Look below for the line containing "Hotell Lime Garden Selimiye (Aegean)" and the line containing "The Influence of Comedy on Romantic Films", then set down both and every line between them exactly, without pictures.

* **Information provided**
• • • • • • •
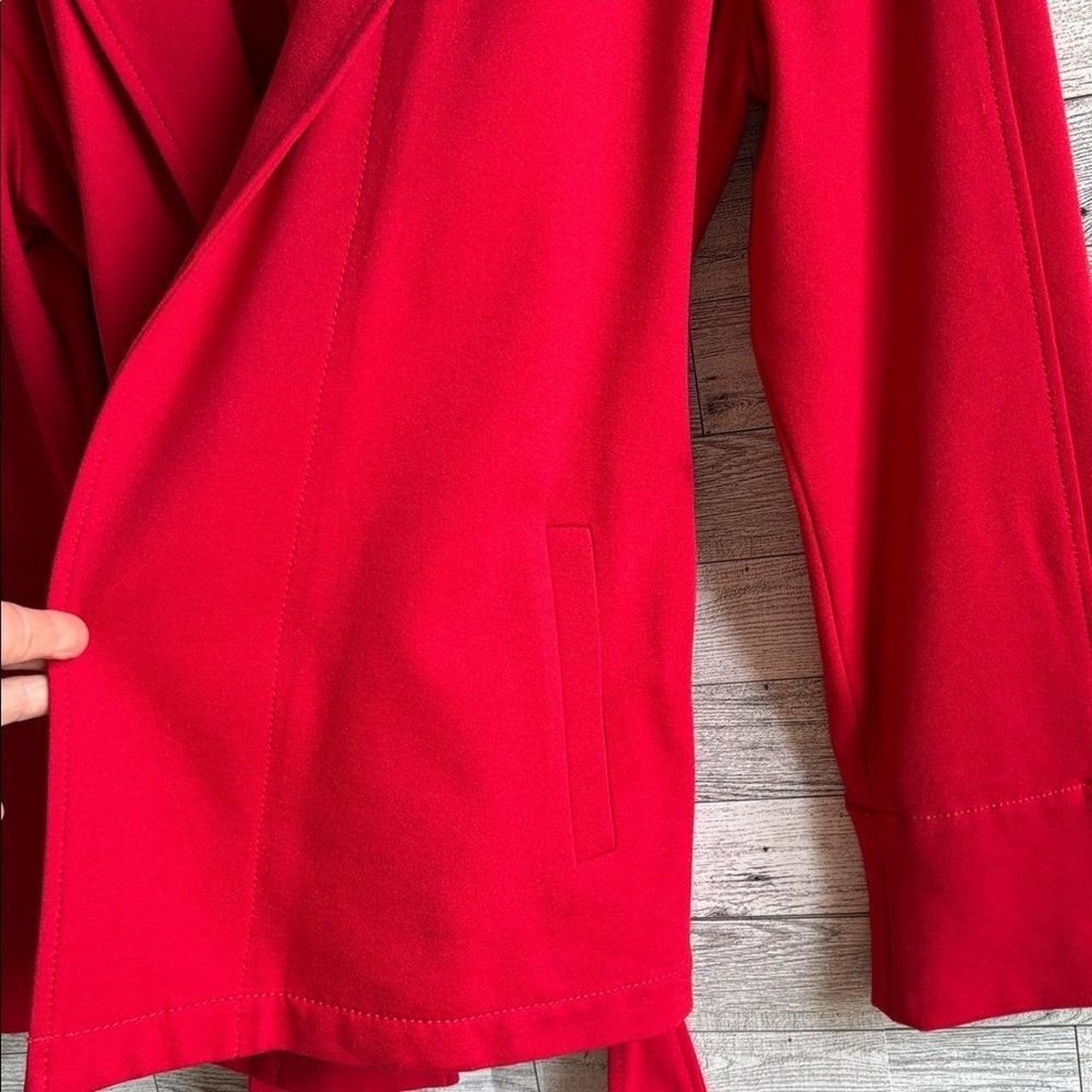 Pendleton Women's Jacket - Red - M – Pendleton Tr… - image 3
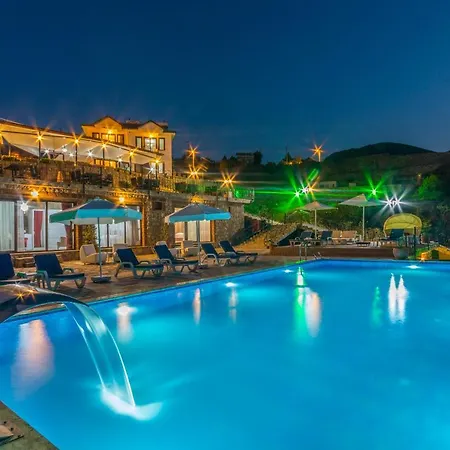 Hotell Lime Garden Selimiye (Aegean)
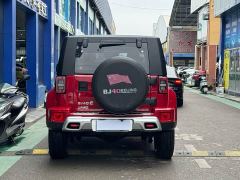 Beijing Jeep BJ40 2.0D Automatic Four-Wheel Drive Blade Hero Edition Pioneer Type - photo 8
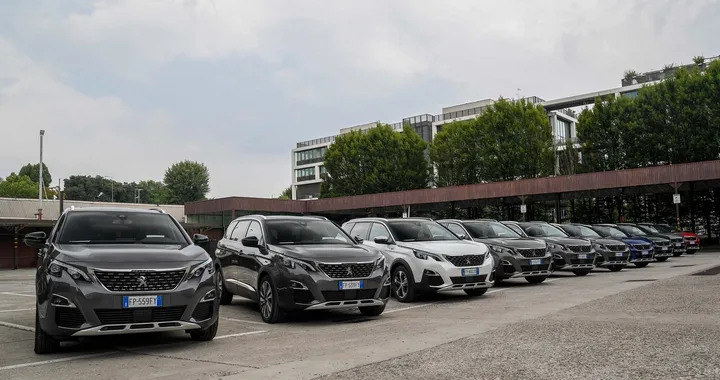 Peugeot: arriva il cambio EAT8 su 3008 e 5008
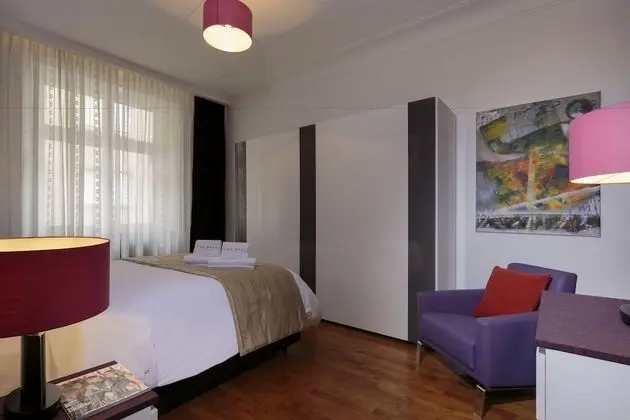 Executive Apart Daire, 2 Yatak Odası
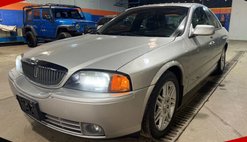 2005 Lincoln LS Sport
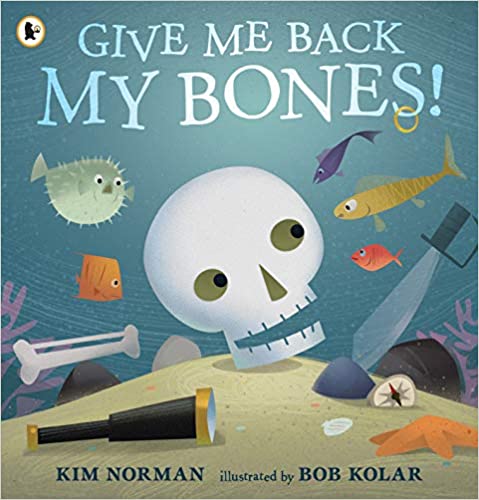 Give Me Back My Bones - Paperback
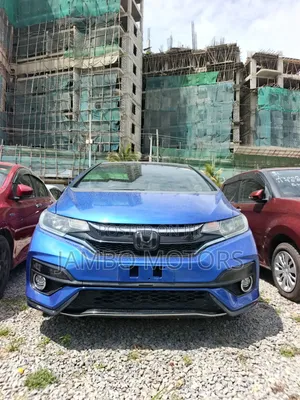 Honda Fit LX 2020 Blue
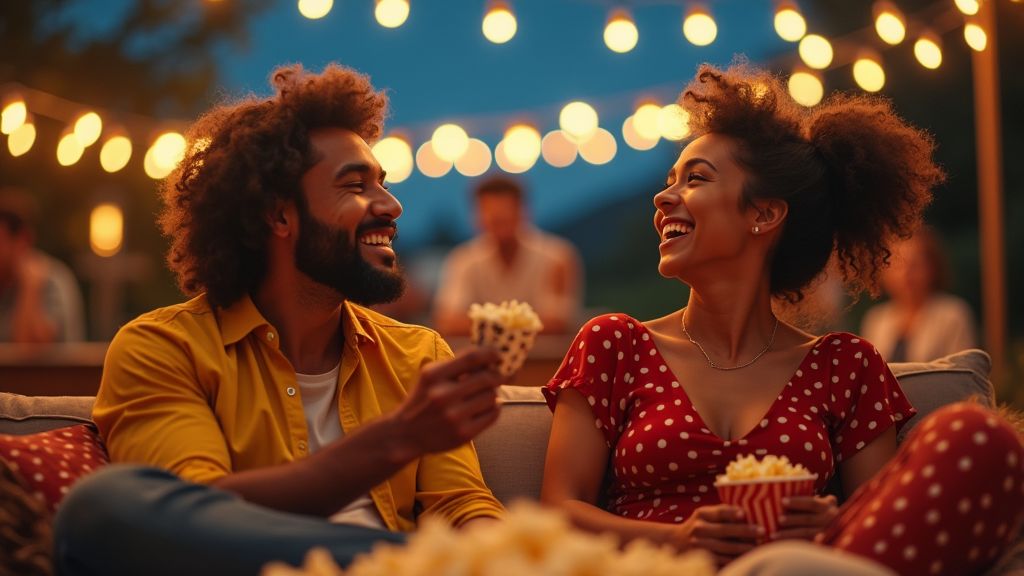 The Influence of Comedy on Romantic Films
• • • • • • •
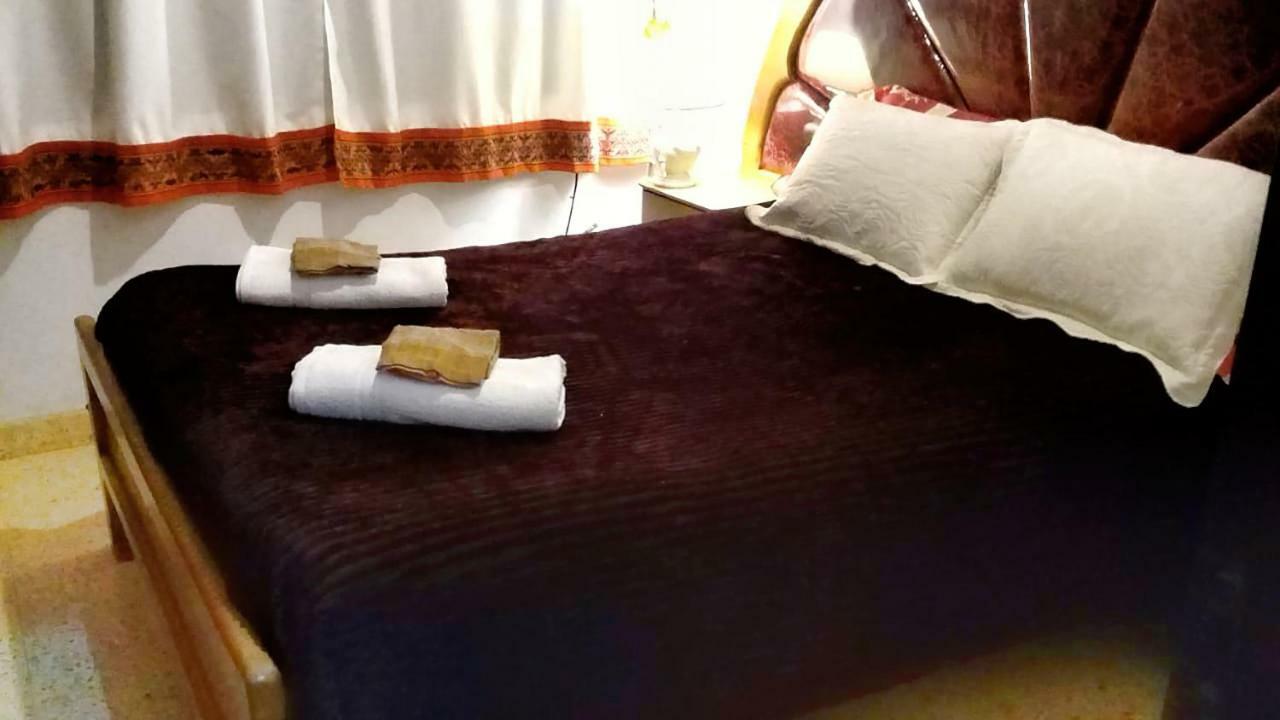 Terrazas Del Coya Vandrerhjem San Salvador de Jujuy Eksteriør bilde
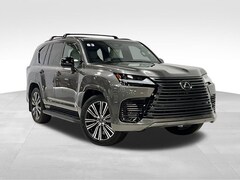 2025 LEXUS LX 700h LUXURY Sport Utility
• • • • • • •
* **Answer section**
 Hotell Lime Garden Selimiye (Aegean)
 Beijing Jeep BJ40 2.0D Automatic Four-Wheel Drive Blade Hero Edition Pioneer Type - photo 8
 Peugeot: arriva il cambio EAT8 su 3008 e 5008
 Executive Apart Daire, 2 Yatak Odası
 2005 Lincoln LS Sport
 Give Me Back My Bones - Paperback
 Honda Fit LX 2020 Blue
 The Influence of Comedy on Romantic Films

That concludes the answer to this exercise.